Intolerant history casts a long shadow
Not lost in the past, racism is a ghost that continues to haunt America.
By: M.K. Irwin
America has finally nominated a black man for president and a woman for vice president. Regardless of one's political position(s), voters' choices this year seem to indicate that America continues to progress socially, culturally and politically. But as I sat breakfasting late this morning at a local dining haunt, I saw something that gave me sickening pause and caused me to rethink my notions of American progress.
A robust, barrel-chested man seemingly suffering from some kind of ambulatory disability shuffled incongruously on pencil legs up to the counter of the Texas Avenue Whataburger. He sported a weathered collection of various cheaply-drawn tattoos emblazoned up and down his arms. On his left forearm sneered a hideous, multicolored skull. On his right (I had to look thrice to verify) and situated prominently for maximum effect, stood a hooded Klansman brandishing a flaming torch in one hand, the severed head of a black person clutched by the hair in the other and white-robed arms outstretched before a burning cross in the foreground. This was an elaborate and disquietingly frightful scene on anyone's flesh, but somehow eerily at home on this dark-eyed, hobbling, unkempt fat man.

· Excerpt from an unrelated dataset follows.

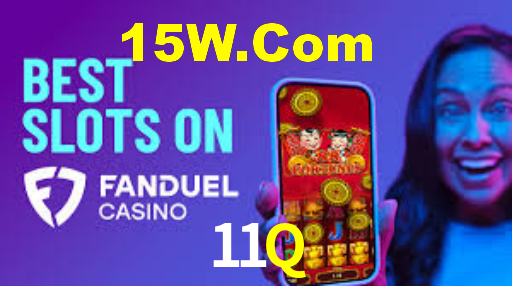 11Q,11Q.Com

After finishing chewing and swallowing the bite of now sour-tasting biscuit of which the odd moment made me forget I had partaken, I wondered sadly (because you absolutely could not miss the tattoos) at the feelings and first impressions of the tired, young black woman at the cash register. She tried to muster a wan smile as she accepted the man's money thrust out from the end of that same hate-covered arm. I wondered, too, his massive, sleeveless, flannel-draped back to me almost eclipsing the girl, what he must think having to interact so closely with this anonymous black someone who some sick other someone once taught him to hate preemptively solely on the basis of her skin color. I didn't want to ponder such thoughts any further than this bizarre moment, but his ugly, angry, arm art compelled me to.